**Records shown:**
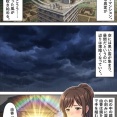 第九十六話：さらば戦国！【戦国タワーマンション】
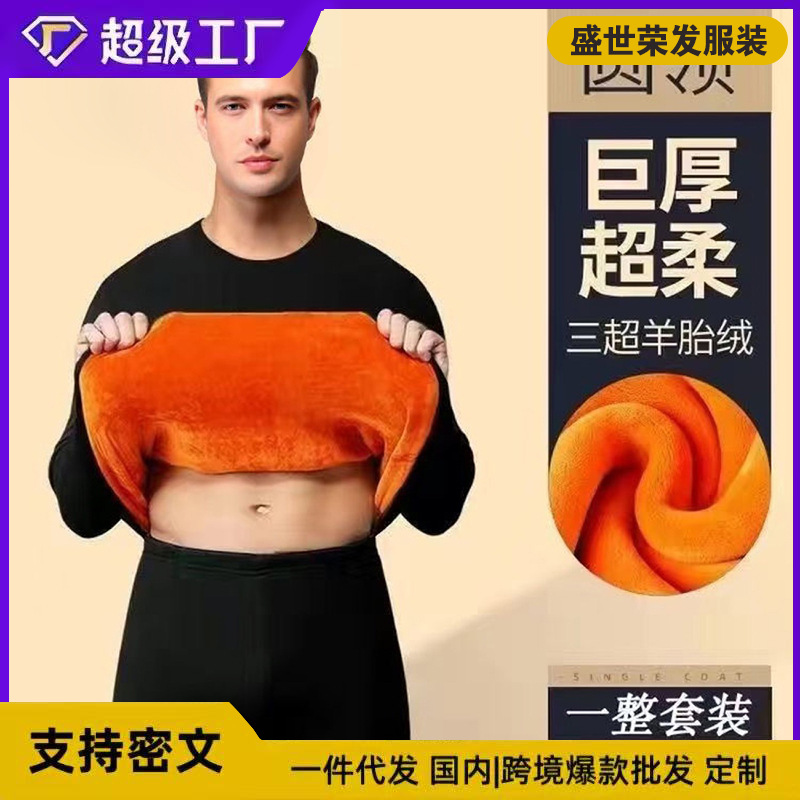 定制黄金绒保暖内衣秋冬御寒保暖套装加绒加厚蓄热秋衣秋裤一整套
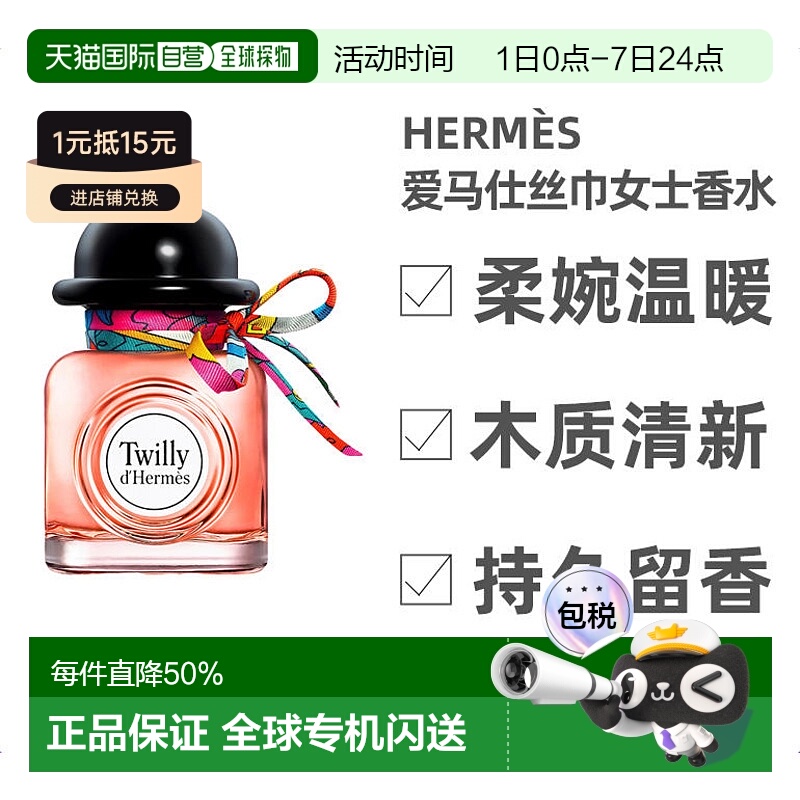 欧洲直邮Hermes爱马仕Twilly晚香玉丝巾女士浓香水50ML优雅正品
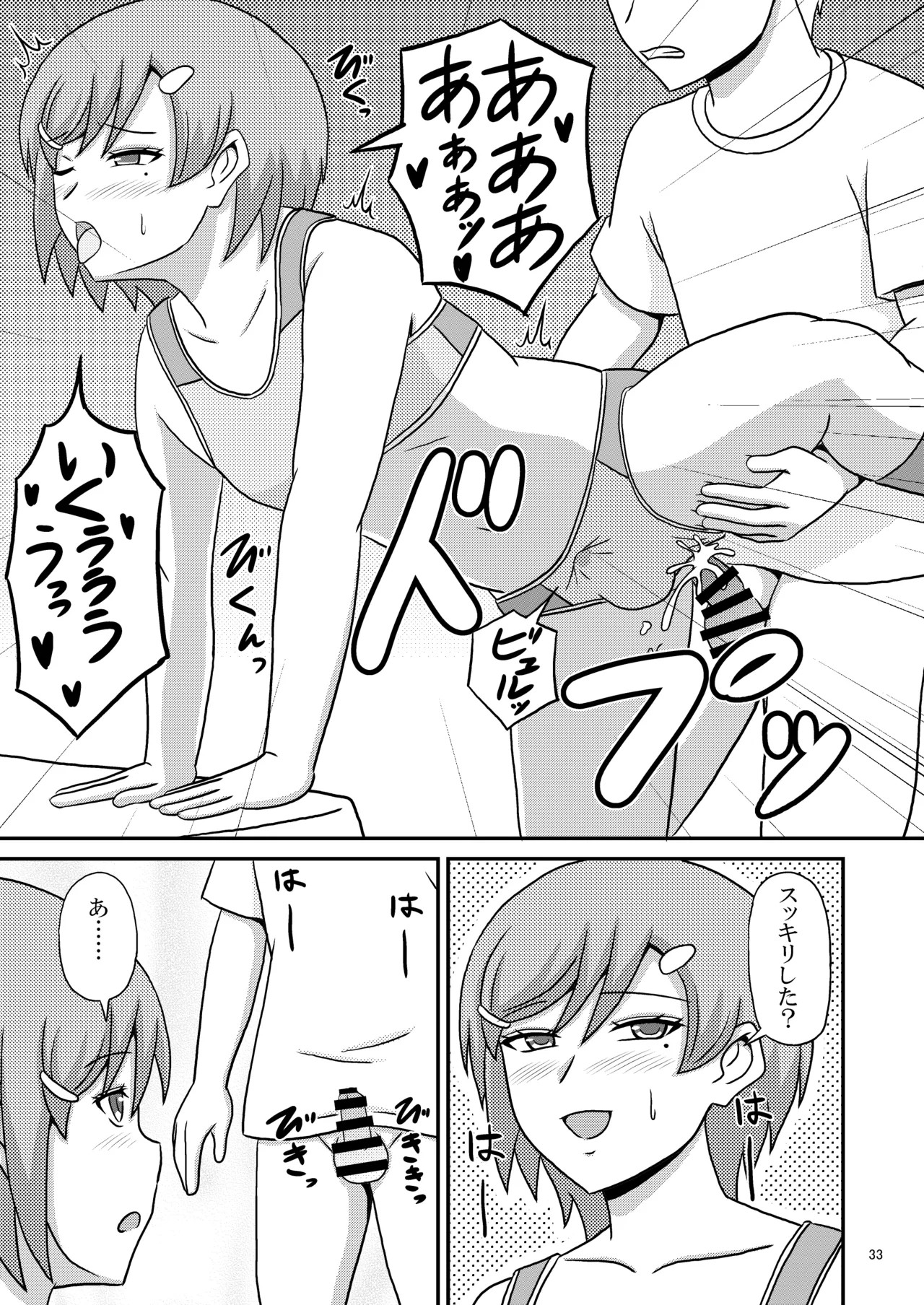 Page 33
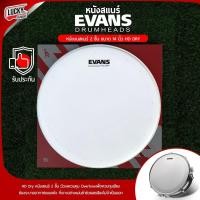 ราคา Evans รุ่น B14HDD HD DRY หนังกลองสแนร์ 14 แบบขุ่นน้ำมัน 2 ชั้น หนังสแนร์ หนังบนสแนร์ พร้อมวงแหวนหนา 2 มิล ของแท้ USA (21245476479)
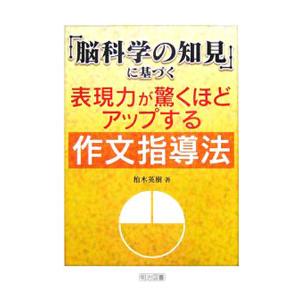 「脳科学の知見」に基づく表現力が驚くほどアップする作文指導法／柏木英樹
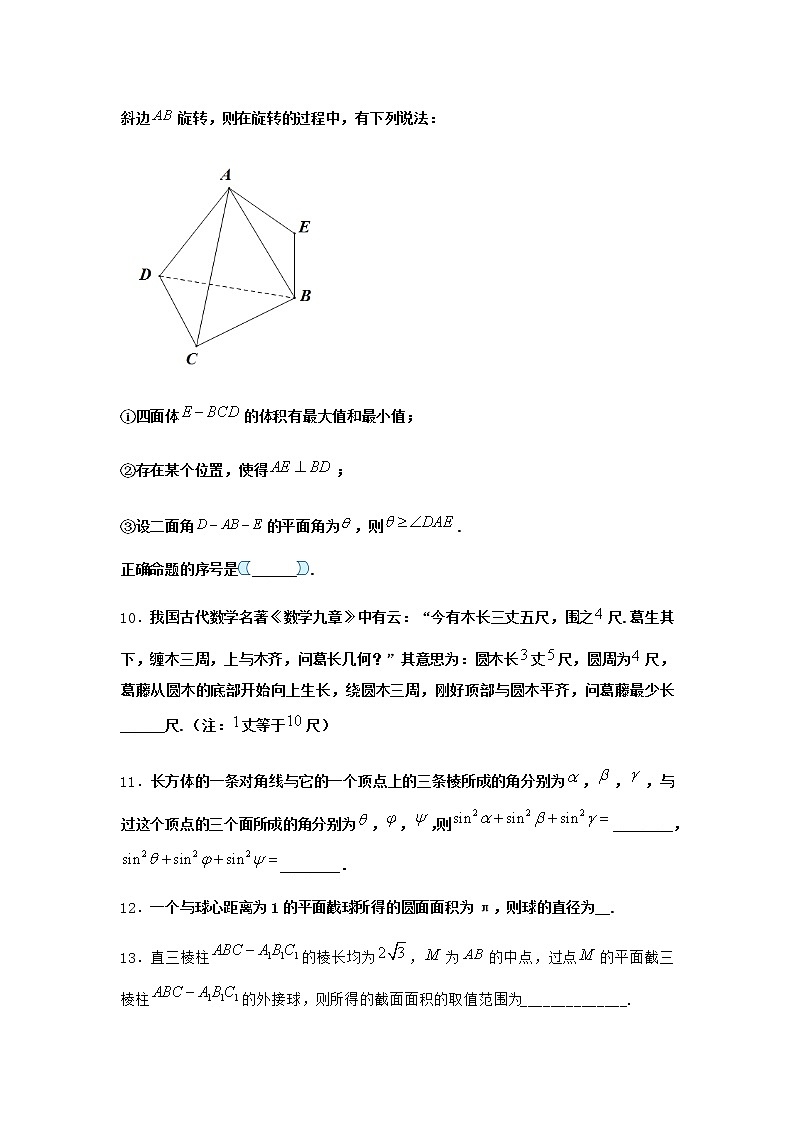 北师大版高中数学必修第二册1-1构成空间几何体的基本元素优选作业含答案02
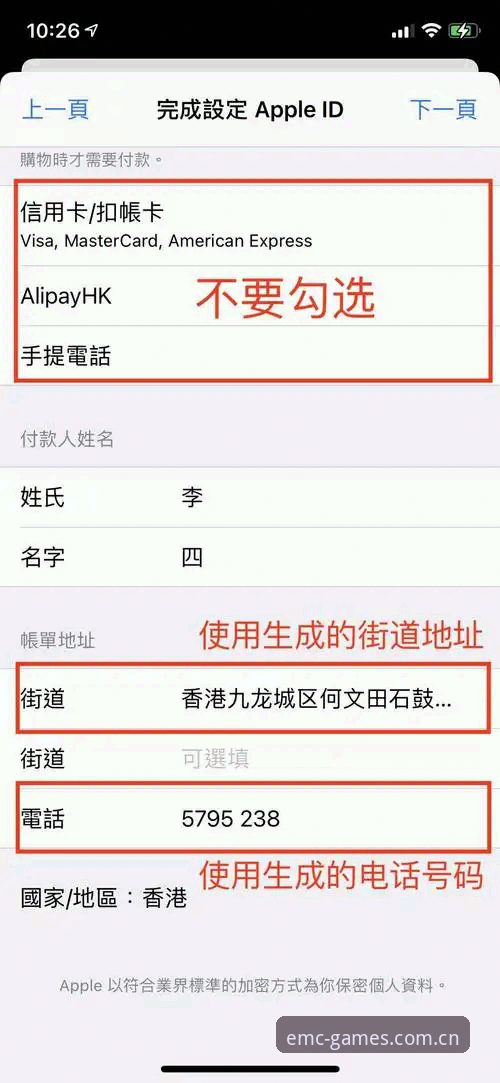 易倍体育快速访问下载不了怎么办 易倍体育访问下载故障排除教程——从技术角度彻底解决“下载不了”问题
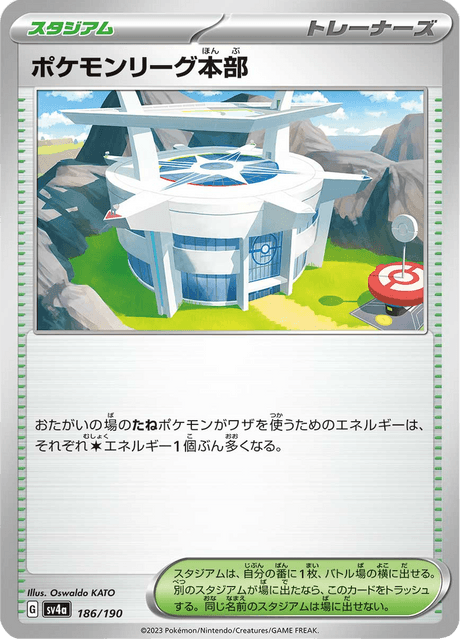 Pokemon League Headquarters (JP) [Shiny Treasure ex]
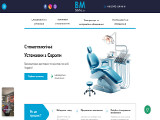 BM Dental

**What you need to do:** Only the lines from the one containing "易倍体育快速访问下载不了怎么" through the final line of the data should be given again, exactly and without pictures.

**Solved exercise:**
 易倍体育快速访问下载不了怎么办 易倍体育访问下载故障排除教程——从技术角度彻底解决“下载不了”问题
 Pokemon League Headquarters (JP) [Shiny Treasure ex]
 BM Dental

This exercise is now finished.